Copy out the full data exactly as given; pictures should not be included.

Task material:
● ● ●

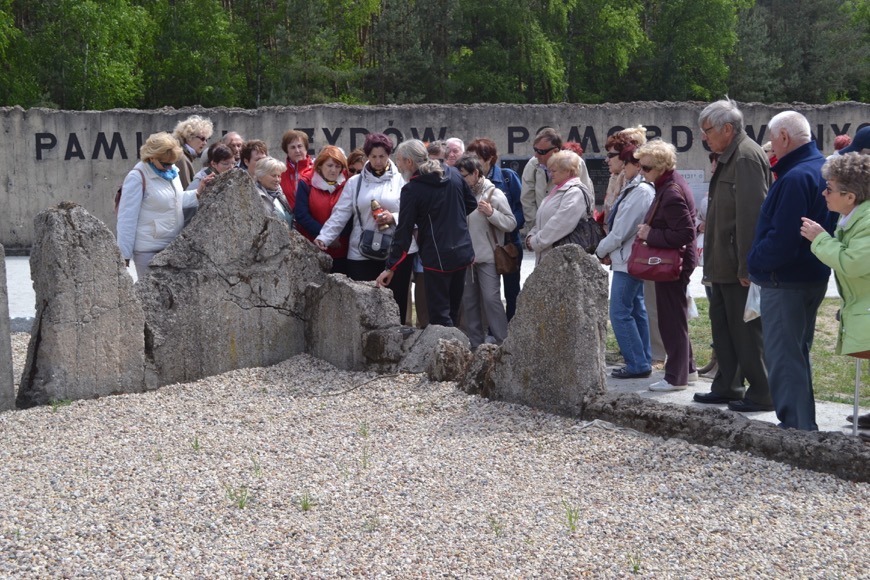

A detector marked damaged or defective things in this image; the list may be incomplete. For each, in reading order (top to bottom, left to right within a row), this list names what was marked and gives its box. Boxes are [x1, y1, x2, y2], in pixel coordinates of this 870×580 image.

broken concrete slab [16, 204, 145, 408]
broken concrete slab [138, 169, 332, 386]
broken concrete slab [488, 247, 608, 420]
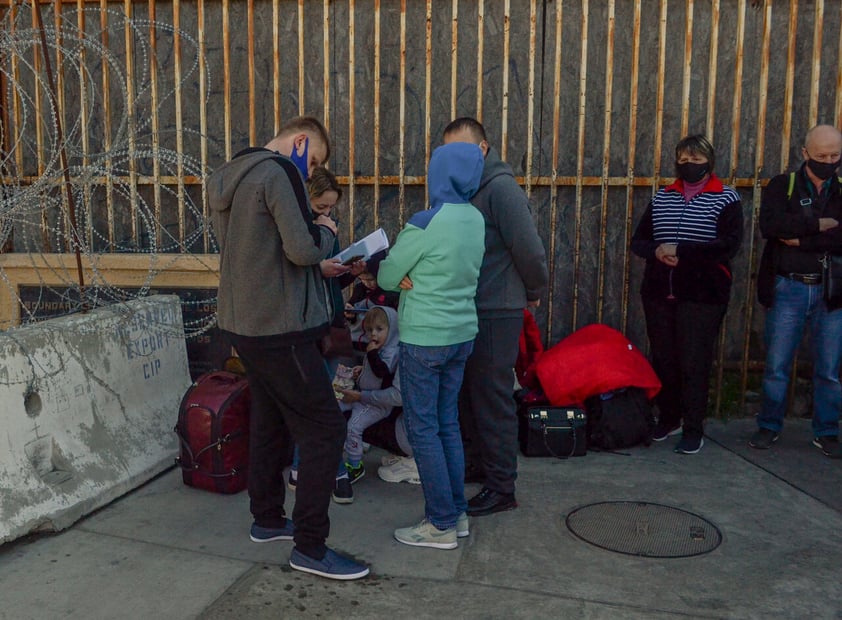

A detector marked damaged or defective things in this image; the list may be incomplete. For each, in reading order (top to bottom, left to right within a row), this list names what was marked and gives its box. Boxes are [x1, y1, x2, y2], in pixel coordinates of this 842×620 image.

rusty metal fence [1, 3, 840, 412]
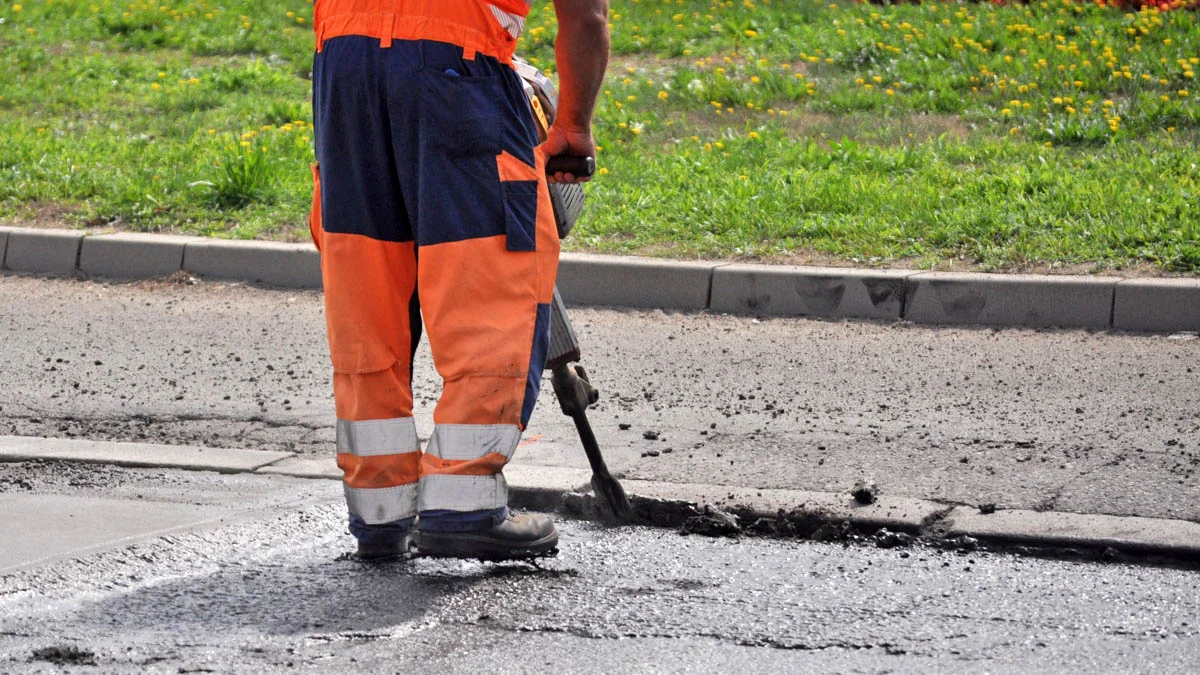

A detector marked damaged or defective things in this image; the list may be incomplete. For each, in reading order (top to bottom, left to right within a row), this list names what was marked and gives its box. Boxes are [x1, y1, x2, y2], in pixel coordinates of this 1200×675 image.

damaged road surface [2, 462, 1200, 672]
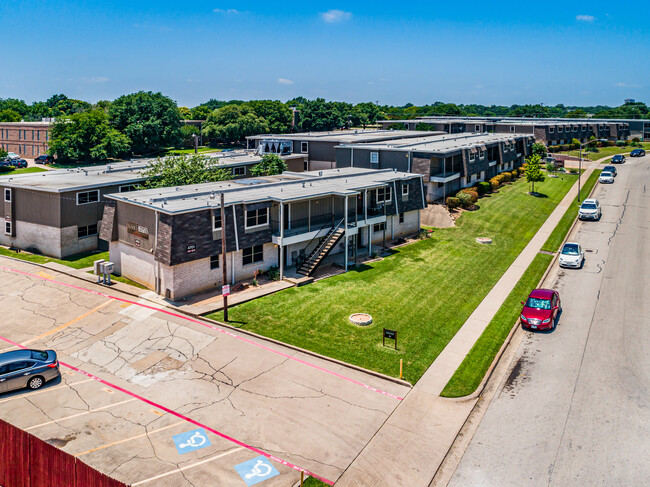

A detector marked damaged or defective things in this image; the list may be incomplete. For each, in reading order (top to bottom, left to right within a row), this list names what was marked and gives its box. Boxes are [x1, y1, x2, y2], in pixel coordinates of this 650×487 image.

● ● ●

Output:
A detector marked damaged or defective things in this image; the list may be incomplete. For each, in reading order (top to bottom, left to right within a row), this list names what was marked and gives its box. Boxes are [x1, y1, x2, y2], in pixel coordinates of this 870×580 image.

broken concrete slab [16, 204, 145, 408]
broken concrete slab [138, 169, 332, 386]
broken concrete slab [488, 247, 608, 420]

A detector marked damaged or defective things in this image; the list may be incomplete. For each, in reading order (top to bottom, left to right within a row), this list names what was marked and gives its box. Boxes are [x1, y1, x2, y2], in pixel coordinates of this 842×620 image.

rusty metal fence [1, 3, 840, 412]

A detector marked damaged or defective things in this image; the list may be incomplete. For each, in reading order (top to bottom, left to right within a row), this list names what was marked and gives its box. Boxes are [x1, y1, x2, y2], in pixel coordinates of this 1200×675 image.

damaged road surface [2, 462, 1200, 672]

A detector marked damaged or defective things in this image; the list may be incomplete. For each, in reading order (top to bottom, left to right within a row), this list names what was marked and gives its box. Boxes are [x1, y1, x2, y2], in pixel coordinates of this 650×487 image.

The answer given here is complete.